2)Riduzione delle varie forme contrattuali, oltre 40, che hanno prodotto uno spezzatino insostenibile. Processo verso un contratto di inserimento a tempo indeterminato a tutele crescenti.
3) Assegno universale per chi perde il posto di lavoro, anche per chi oggi non ne avrebbe diritto, con l’obbligo di seguire un corso di formazione professionale e di non rifiutare più di una nuova proposta di lavoro.
4) Obbligo di rendicontazione online ex post per ogni voce dei denari utilizzati per la formazione. Ma presupposto dell’erogazione deve essere l’effettiva domanda delle imprese. Criteri di valutazione meritocratici delle agenzie di formazione con cancellazione dagli elenchi per chi non rispetta determinati standard di performance.
• RAPPRESENTANZA PER I SINDACATI
Sempre sul lavoro fra le proposte che il Pd renziano sta elaborando spicca quella dell’accoglimento di un’idea cara alla Cgil e di un’altra più vicina alla cultura di Cisl e Uil.

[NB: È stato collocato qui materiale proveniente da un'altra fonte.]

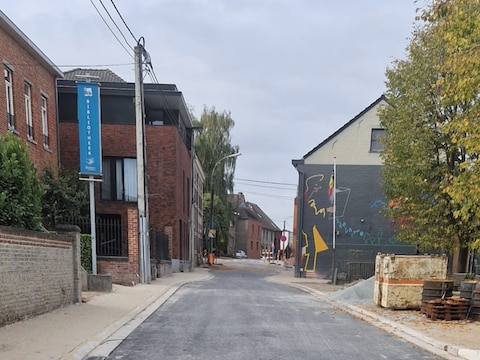 Wegenwerken in de Dorpstraat tussen de kerk van Leefdaal en de Mezenstraat in Bertem.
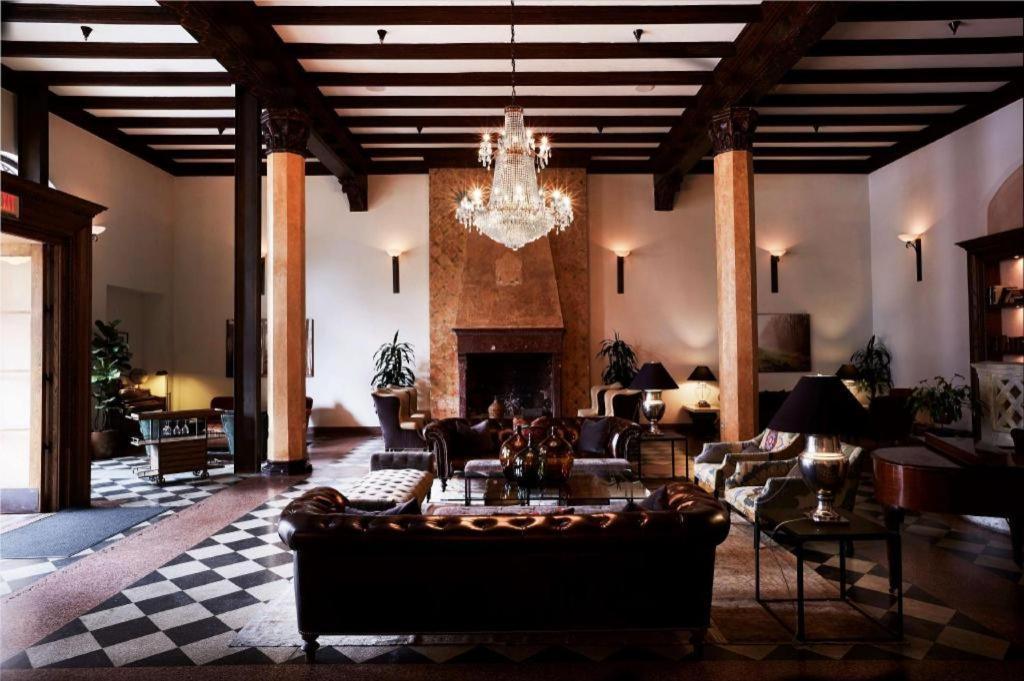 Hotel Normandie Los Angeles photo 2
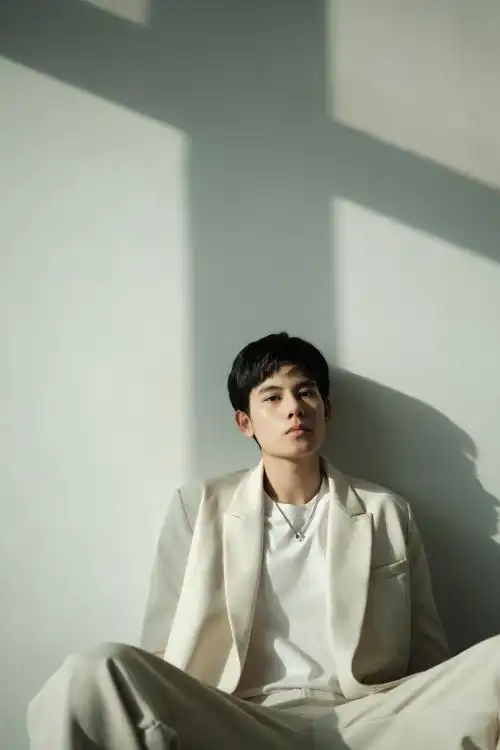 电影三贵情史定档##胡先煦新片亲谁谁睡着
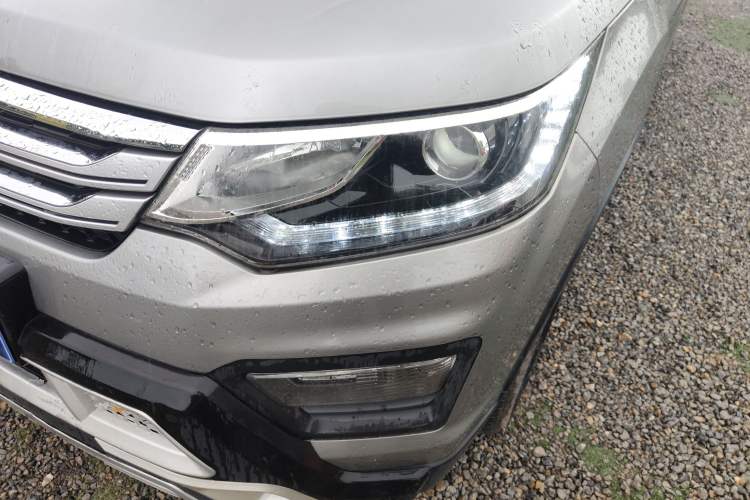 Used CHANGAN OSHAN CX70 2016 1.6L Manual Luxury Model Left Front Headlight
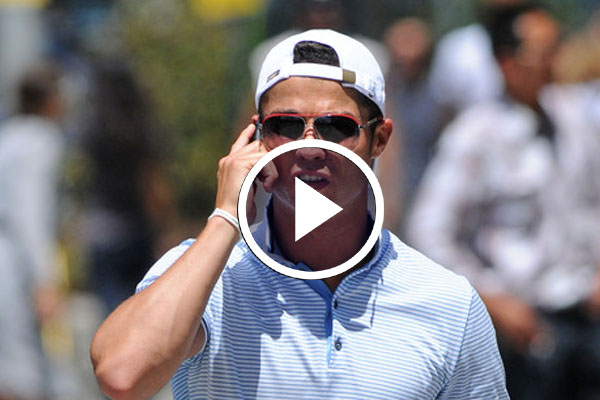 Cristiano Ronaldo Put his mobile phone in an interesting place - Video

Nel Jobs Act si prevede, ad esempio, che si arrivi ad una legge di rappresentanza dei sindacati. E’ la ”vecchia” idea cara sia alla Cgil che alla Fiom secondo la quale i contratti vanno firmati solo dopo l’approvazione da parte della maggioranza dei lavoratori con un referendum. Inoltre anche i delegati, i rappresentanti dei lavoratori delle fabbriche degli uffici, dovrebbero essere sempre eletti e non nominati, come accade oggi in molti casi. A quest’idea la Cisl, in particolare, si è sempre opposta sostenendo l’importanza della vitalità dei corpi intermedi. Diverso il discorso per quanto riguarda la presenza dei lavoratori nei cda delle grandi aziende. Questo è un antico cavallo di battaglia della Cisl e della Uil, peraltro rilanciato anche recentemente dal premier Enrico Letta. A questa proposta gli imprenditori (ma anche la Cgil) si sono sempre opposti ma ora, in nome di qualcosa che somiglia al funzionante sistema tedesco, forse si volterà pagina.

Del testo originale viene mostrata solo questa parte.